Новые негры, конечно, не доставили Рокси никаких хлопот. Хозяин тоже ничего не заметил, потому что одна из его спекуляций срывалась, и он был так весь погружен в свои афёры, что никаких детей не видел, а когда видел, замечал их едва-едва, в то время как Рокси принималась смешить их до колик, отчего они так ржали, что их лица превращались в большие дырки на голове с розовыми дёснами. А когда он уходил к себе, Рокси сразу прекращала эту забаву и дети снова приобретали человеческий облик.
Через несколько дней судьба земельной сделки стала настолько сомнительной и шаткой, что мистер Перси вместе со своим братом, судьей, отправился посмотреть, что с этим можно сделать и как спасти положение. Как обычно, это была спекуляция землёй, и она осложнялась судебным разбирательством. Мужчины отсутствовали семь недель. Прежде чем они вернулись, Рокси нанесла визит Вилсону и осталась довольна. Вилсон взял отпечатки пальцев, надписал их именами и датой – первого октября, – аккуратно убрал и спрятал их и, как ни в чём ни бывало, продолжил беседу с Рокси, которая, казалось, очень хотела, чтобы он восхитился тем, как сильно прибавили в весе и красоте малыши с тех пор, как он взял у них отпечатки пальцев месяцем ранее. Он похвалил их за то, что они стали лучше, к её удовольствию; и так как на них не было ни клякс от варенья, ни каких-либо других пятен, она все время дрожала и ужасно боялась, что в любой момент он…
Но он этого не сделал.

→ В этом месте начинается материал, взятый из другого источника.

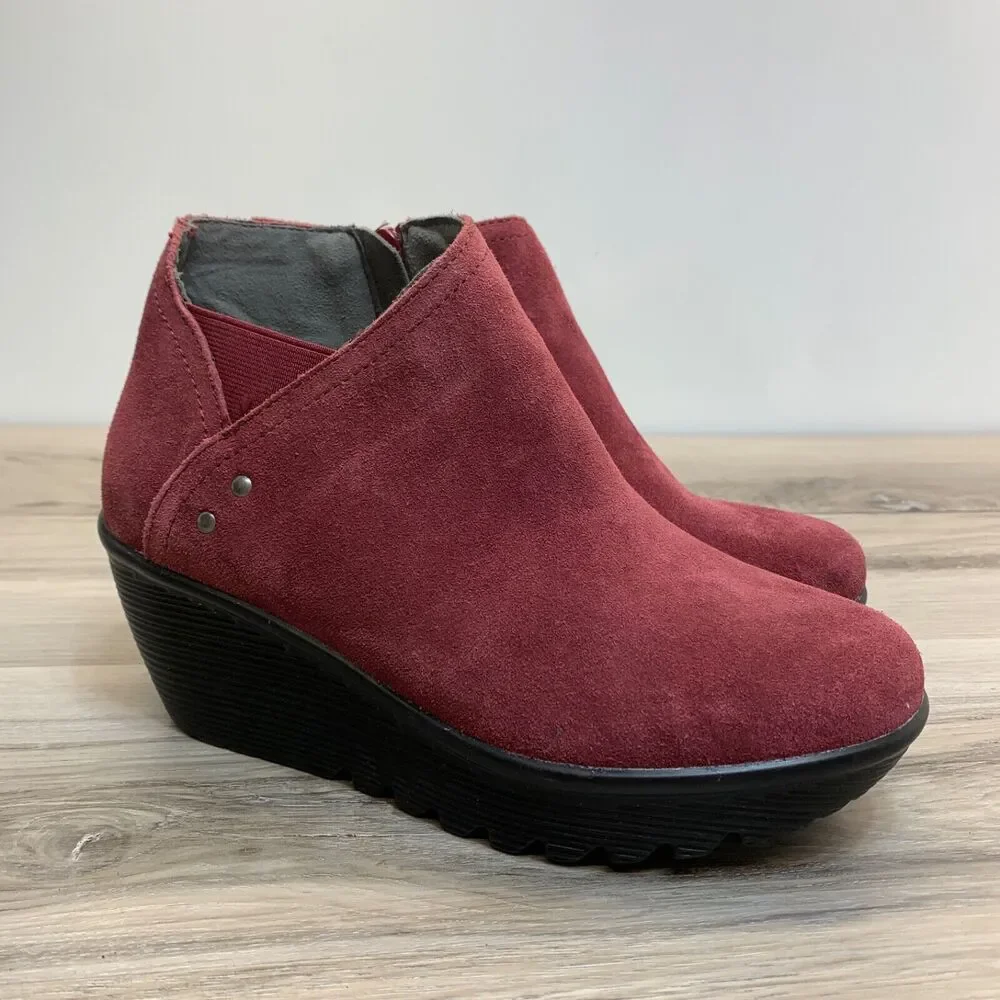 Skechers Parallel‎ Ditto  Burgundy Size 6 Wedge Bootie Suede Comfort Cushioned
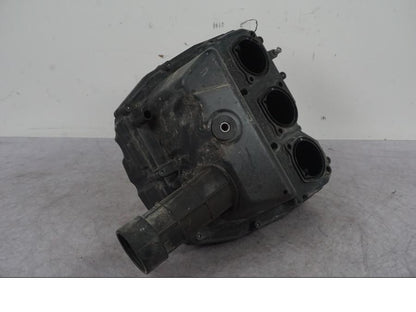 Baksidan på Luftburk från en Triumph Tiger Explorer -2016 motorcykel.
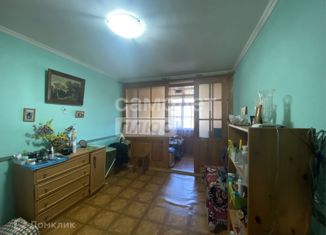 Продаю 2-ком. квартиру, 52 м2, Сочи, улица Труда, 10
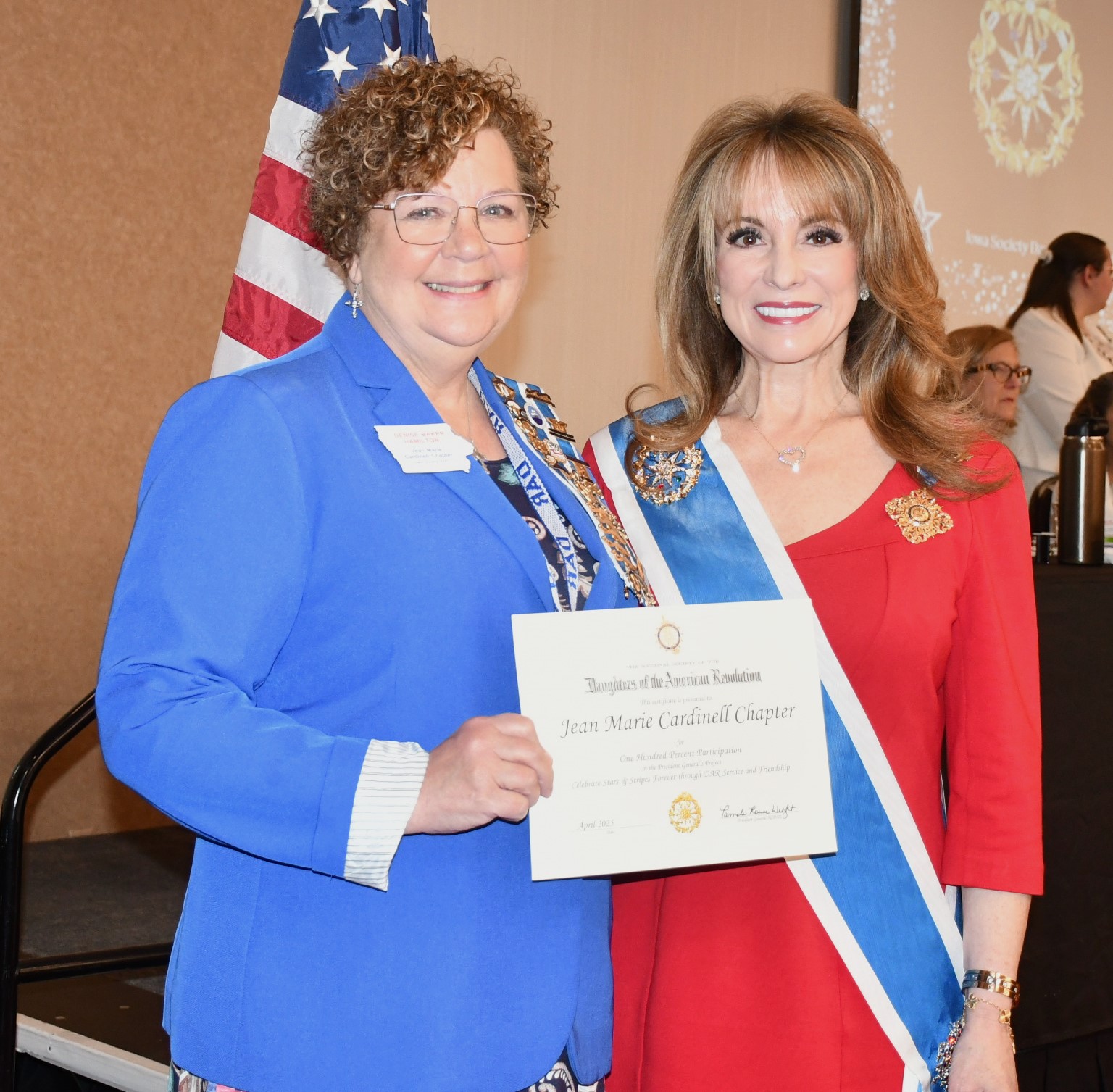 100%
                certificatephoto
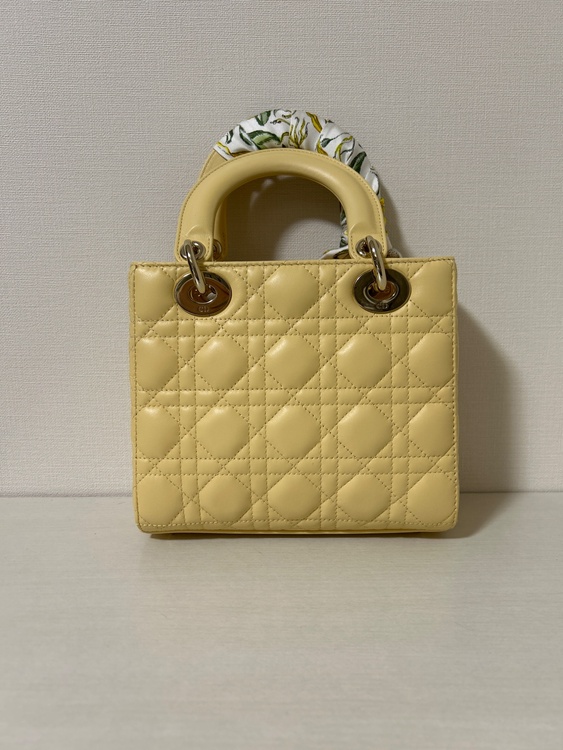 ディオール  （ブランドバッグ）の商品画像 - 査定依頼日：2026年4月25日 - 最高査定価格：410,000円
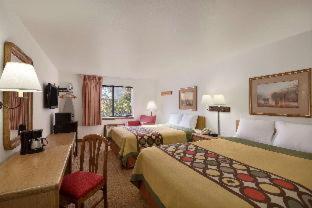 Super 8 by Wyndham Jackson Hole - 3
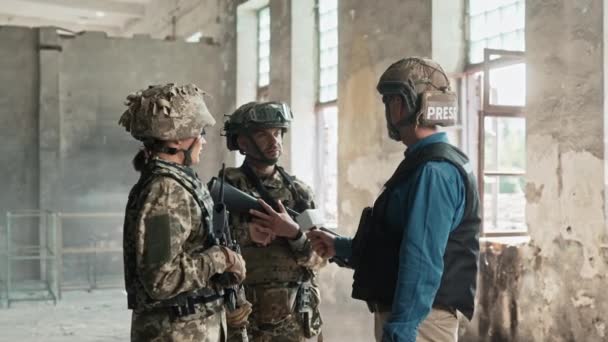 Soldati Senza Paura Uniforme Giubbotti Antiproiettile Che Rilasciano Interviste Giornalisti — Video Stock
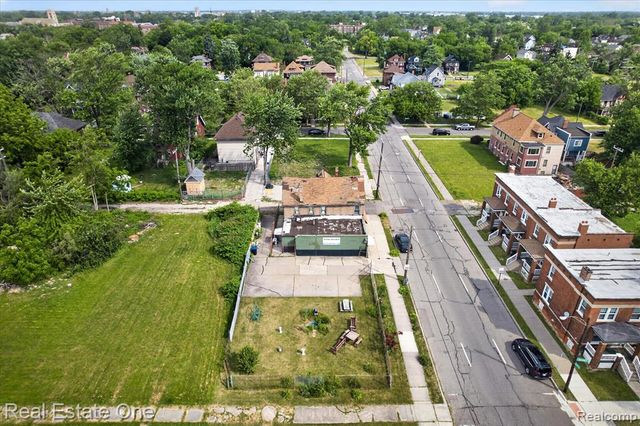 8415 Brush Street, Detroit, MI 48202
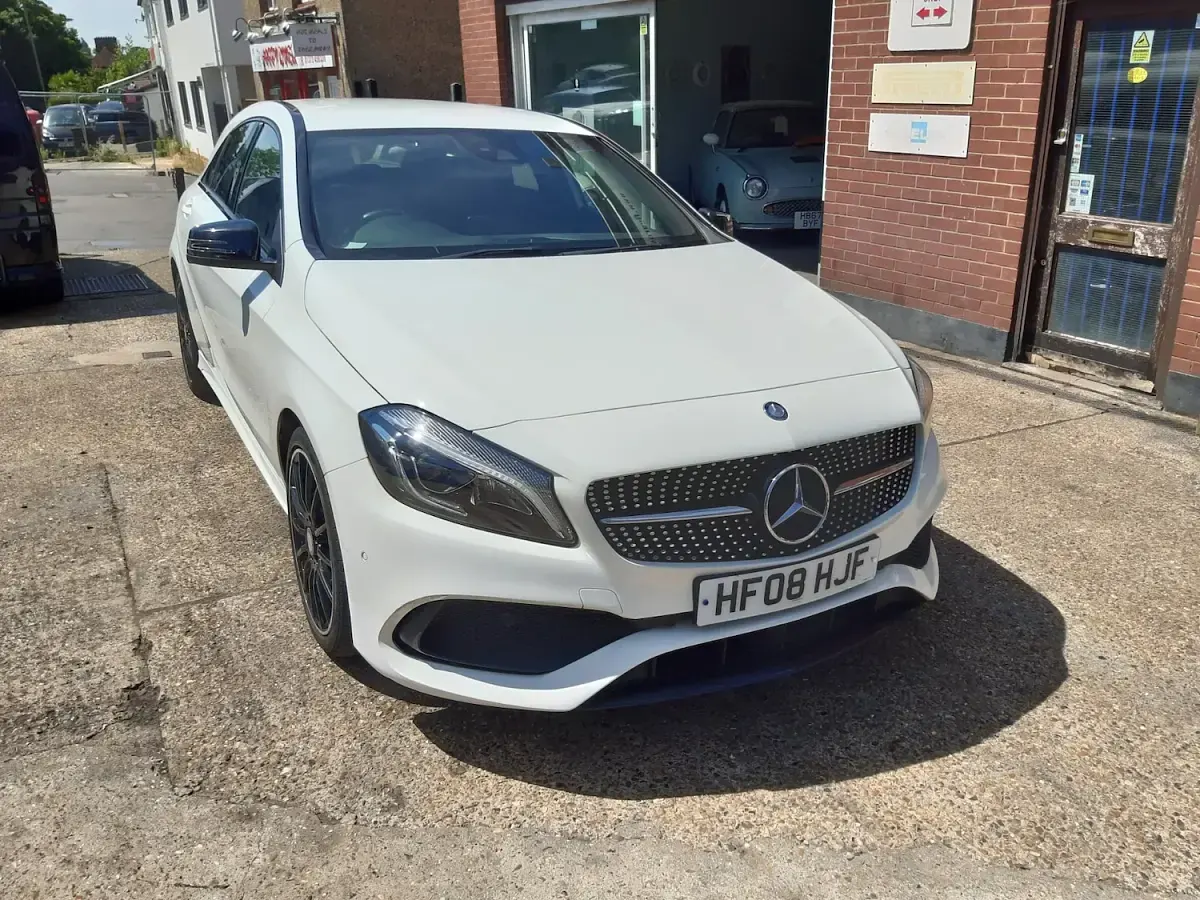 Used Mercedes A180 AMG Line Premium 2016 White Hatchback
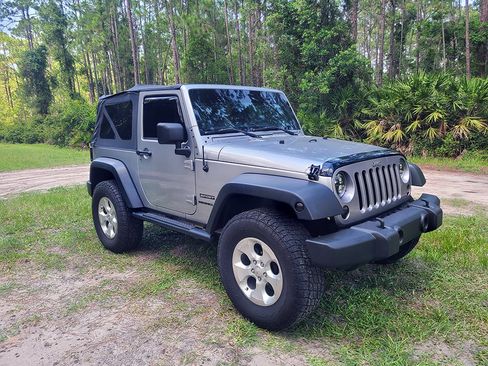 Used 2013 Jeep Wrangler Sport AWD/4WD image 3
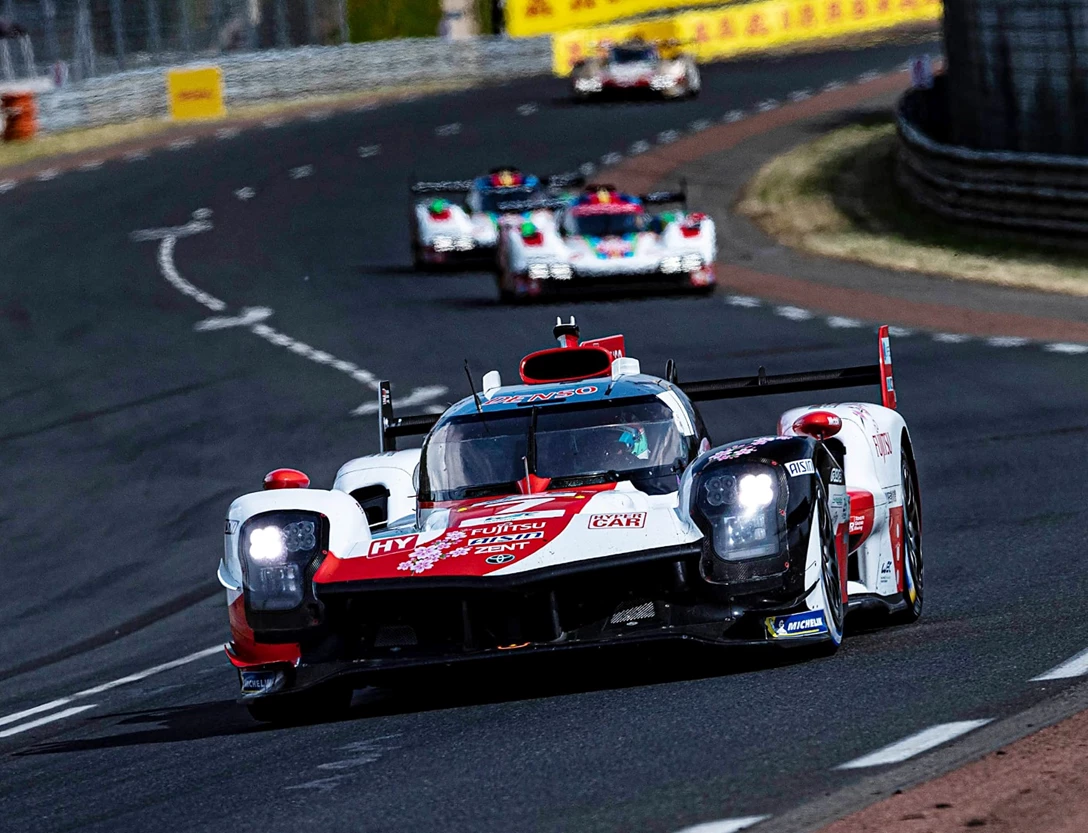 1686273-wec002 (1)-min.jpg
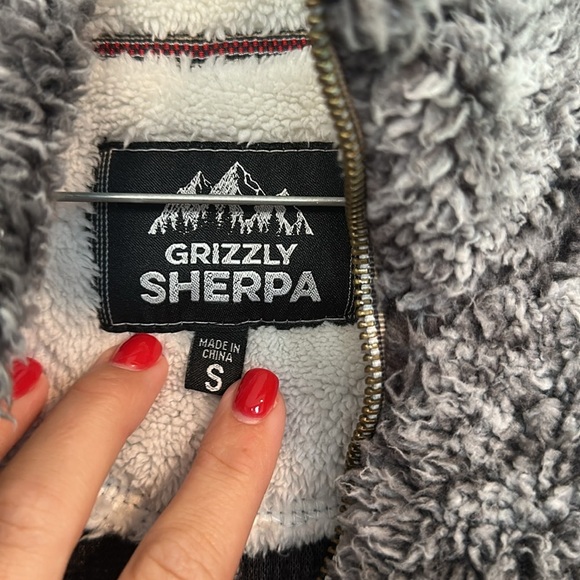 Grizzly Sherpa grey size small women’s - Picture 3 of 3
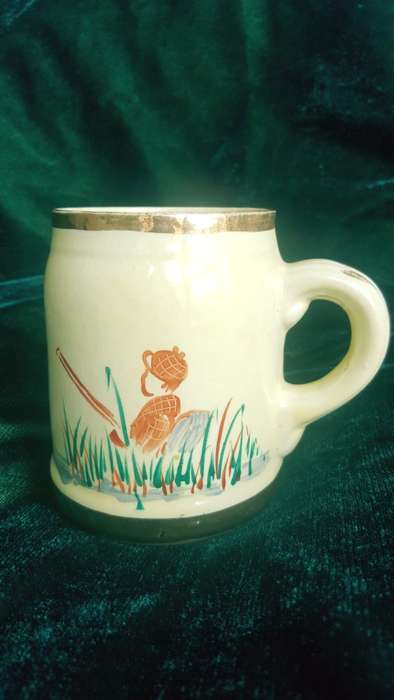VINTAGE LUCIAWARE HUNTING SCENE MUG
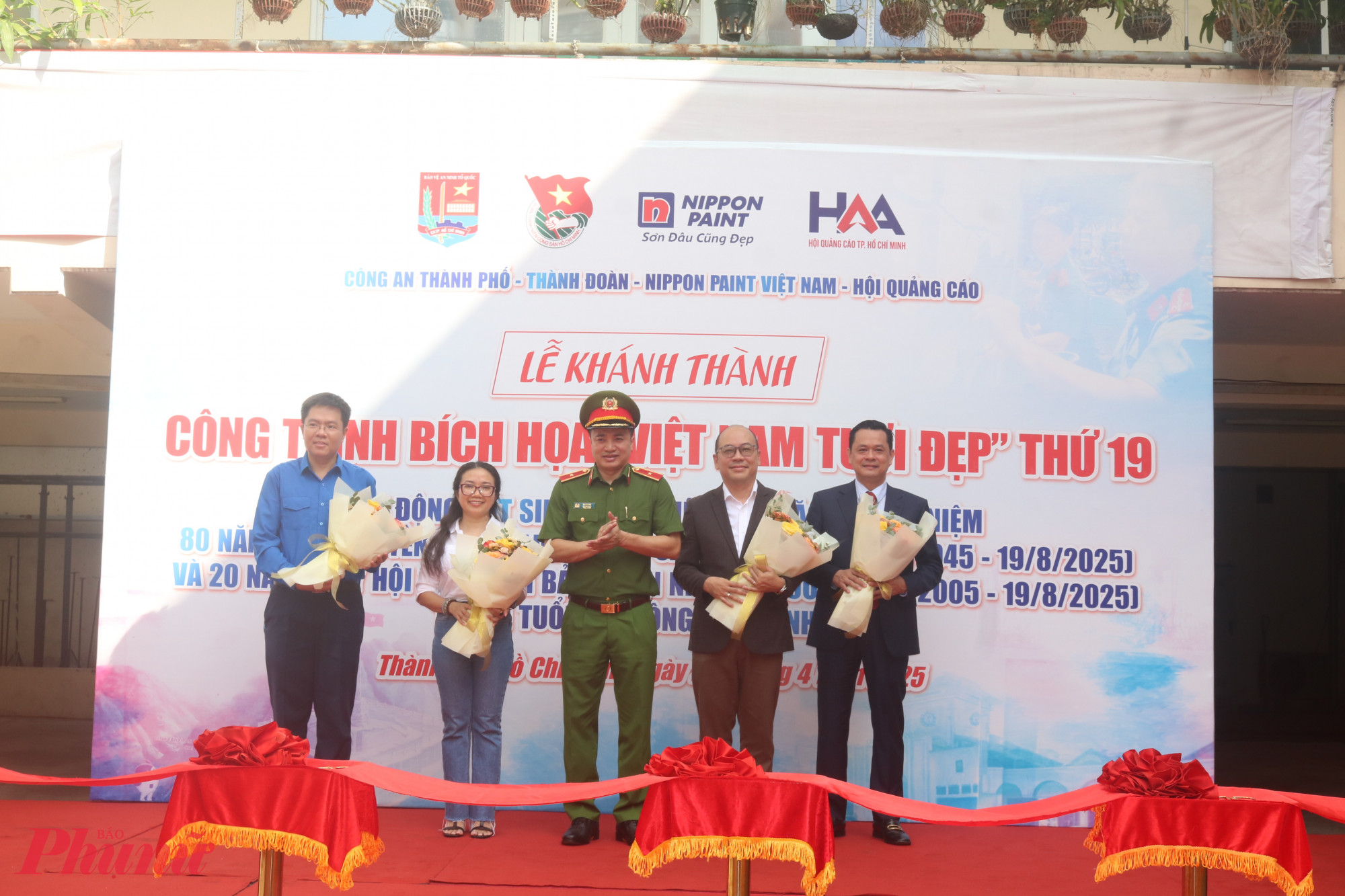 Thiếu tướng Mai Hoàng – Phó giám đốc Công an TPHCM – tặng hoa cảm ơn các đơn vị đồng hành, phối hợp thực hiện công trình. 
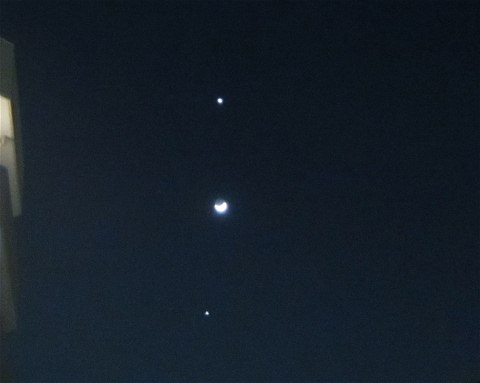 ↑ 金星、月、木星が一直線に並ぶ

Он ничего не обнаружил, и она, ликуя, отправилась домой, навсегда выбросив из головы малейшие опасения по этому поводу.
Глава IV
Пути подменышей
У Адама и Евы было много преимуществ, но главным из них было то, что у них не прорезывались зубы.
– Календарь Дундука Вилсона
Существует одна проблема, связанная с привидениями, очень часто возникают сомнения относительно того, какая сторона должна была стать выгодоприобретателем. В случае с «детьми, медведицами и пророком» медведи получили от этого эпизода больше реального удовлетворения, чем пророк, потому что у них были дети.
– Календарь Дундука Вилсона.
Отныне эта история должна приспособиться к переменам, которые совершила Рокси и называть настоящего наследника «Чемберс», а маленького раба – узурпатора – «Томас Бекет», сократив это последнее имя до «Том» для повседневного употребления, как это делали и окружающие его люди.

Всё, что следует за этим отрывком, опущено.